Et ce qu'on se chuchote à soi-même, à bas-bruit...
Bas-bruit.
Les images sont des permanence au fond de la mémoire. On ne s'en défaits pas si facilement.
Est-ce qu'il faudrait en mettre certaines de côté, à côté de soi et qu'elles s'endorment là, dans leur sommeil, gardiennes des grands parachutes qui flottaient au-dessus de la mer ? Quoi faire des images ? On ne peut pas les jeter à la poubelle. Où les mettre alors ?
Elles sont fragiles, autant que la mémoire est vulnérable.

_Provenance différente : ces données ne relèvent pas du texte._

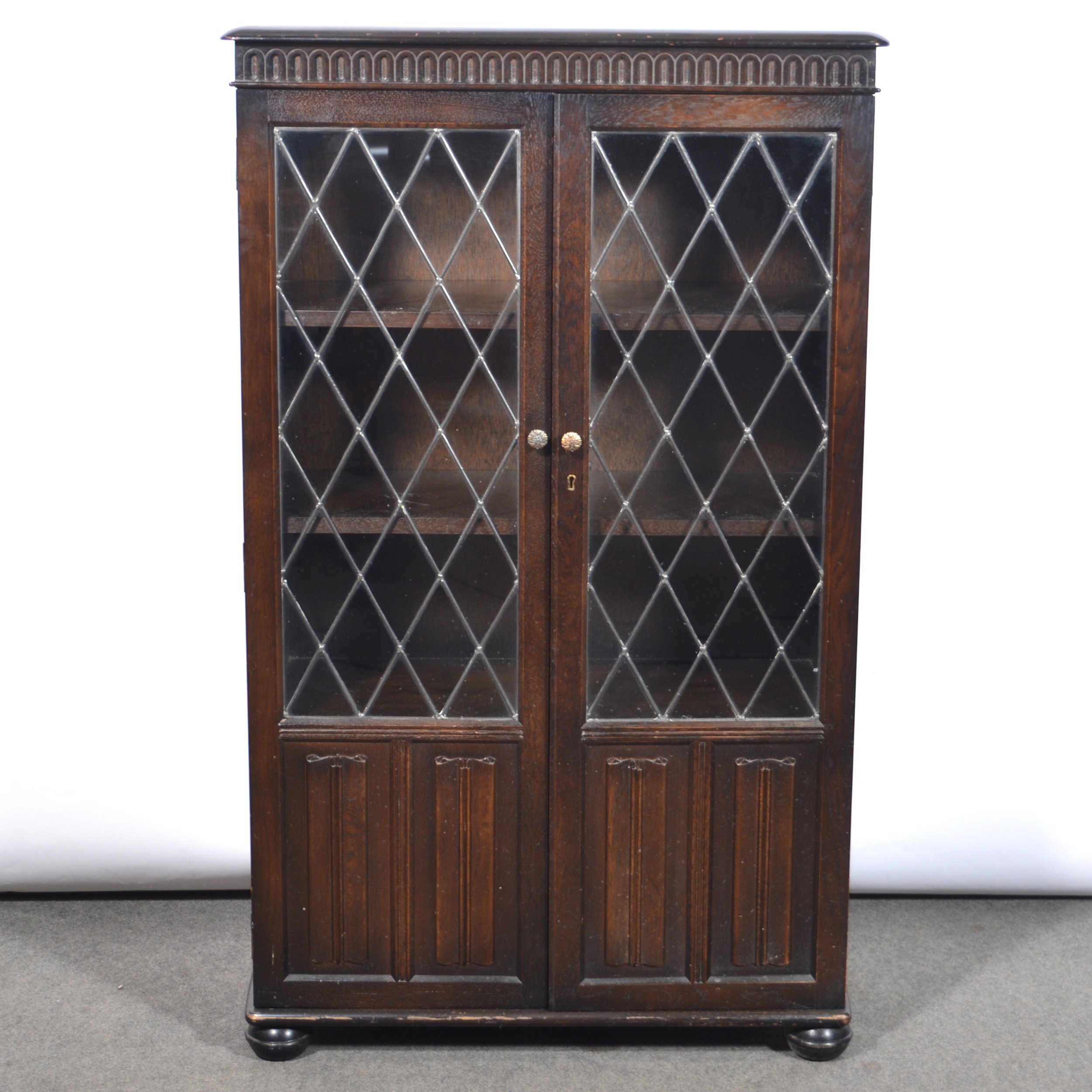 Two stained oak glazed bookcases and an open bookcase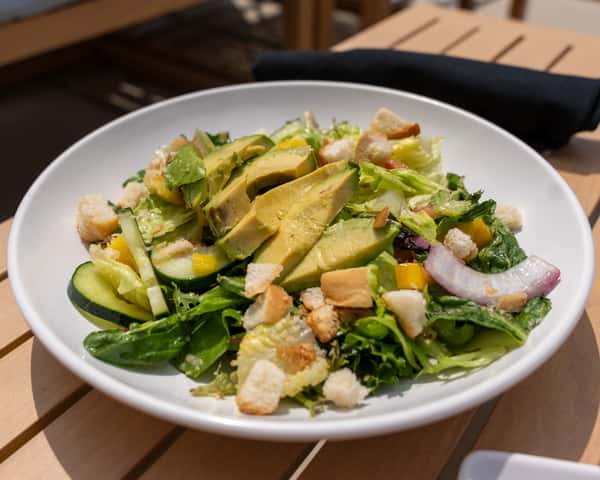 Salad topped with sliced avocado on a white plate.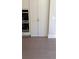 Spacious pantry with shelving located next to stainless steel ovens and hardwood floors at 4525 Aiden Way, Cumming, GA 30041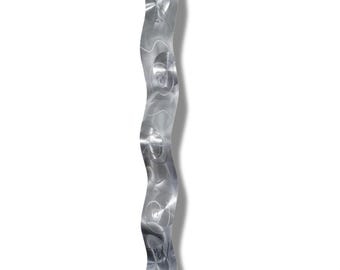 May include: A brushed metal wall sculpture with a wavy, vertical design. The silver artwork features circular and linear patterns, creating a textured appearance. The piece is mounted on a white background, casting a shadow.
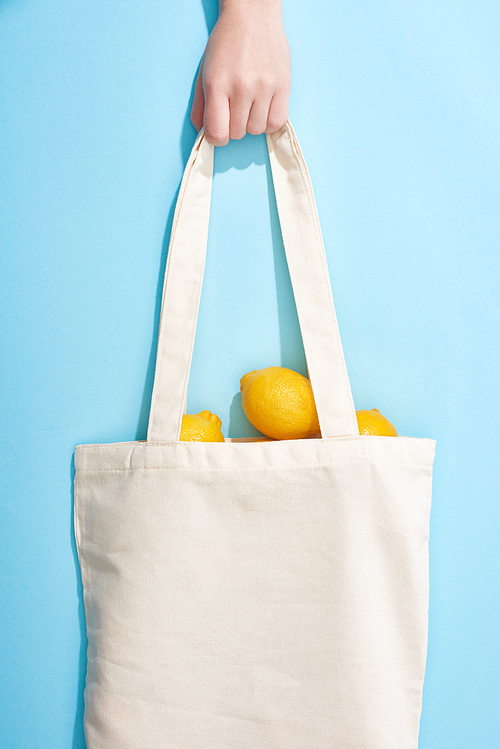 cropped view of woman holding ripe yellow lemons in cotton bag on blue background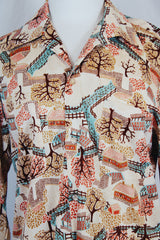 Men's or women's vintage 1970's long sleeve cream colored polyester button up shirt with all over multi colored tree print shirt.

Donnent l'impression d'un texte qui chavire, dont l'esprit chavire, où les esprits chavirent.
La perte des images ne devraient être ni brutale, ni violente. Voilà, ce serait un film dont le sujet pourrait s'exprimer ainsi : L' émotion d'un personnage que les images quitteraient, qui imaginerait l'émotion éprouvée par un autre personnage que les images quitteraient. La perte alors serait commune. Adoucie. Le mot de "perte", finalement, ne conviendrait plus. Il ne serait plus question de cela, mais d'autre chose. Que d'autres images viendraient creuser. La suite s'élaborerait forcément. Faudrait voir. Aller voir.
Il serait question de regards encore attouchés, un peu éloignés, mais dans une permanence des yeux qui se parleraient à bas-bruit. Feraient sauter des barrières fabriquées. Les personnages consentiraient tout la fois à une édification et à une absence.

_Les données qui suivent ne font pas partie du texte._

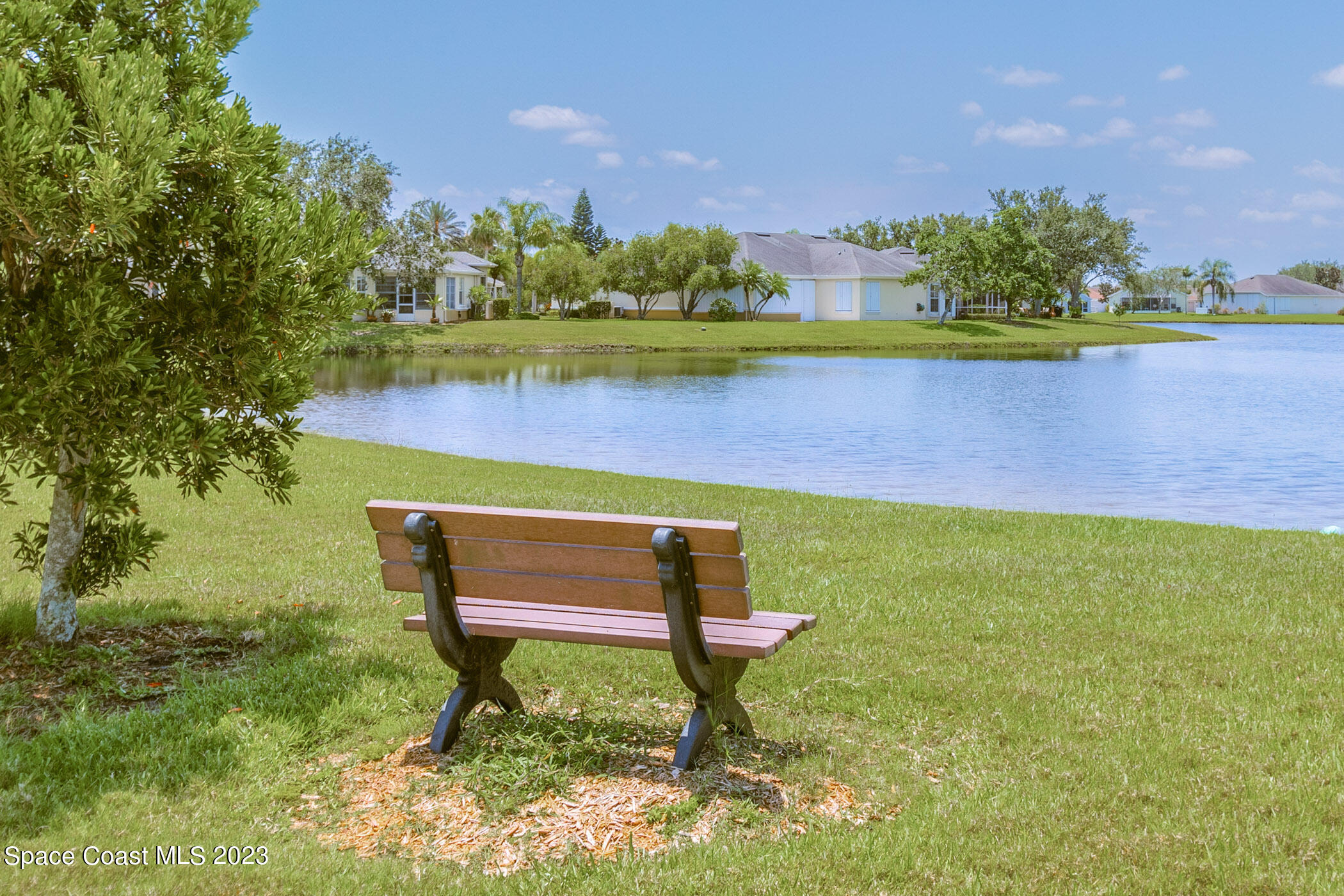 4481 Aberdeen Circle Rockledge, FL 32955 - Photo 38 of 70 a wooden bench sitting in the middle of a park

L'un dirait : "Cette maison ressemble à une maison, mais ça n'en est pas une. Trop de personnages y vivent. Qui sont-ils ? Sommes-nous là, parmi eux et seuls, dans ce jardin où tout commence, où tout s'endort et brûle ? On sait si peu de choses. On ne sait presque jamais ce qui sera/sera pas. On invente. On sait peut-être tout, alors."
L'autre dirait : "Un homme regarde une femme le regardant la regarder ... Des regards, toujours des regards ? Mais à l'intérieur, il n'y a jamais n'importe quels mots, ...ou n'importe quel silence."
Mon nouveau caméscope est arrivé ce matin. En l'attendant, j'ai bidouillé trois minutes de film, prises par Isabelle Lagny (mon amie photographe qui m'accompagne parfois ici). C'est chez elle, à Paris en 2010. Elle me filme la filmant. L'émotion de quelqu'un qui filme une autre émotion, ...on peut tricoter autour de ça, c'est presque une photo qui bouge, c'est "l'émotion qui bouge". Les images, parfois, elles ne nous quittent pas.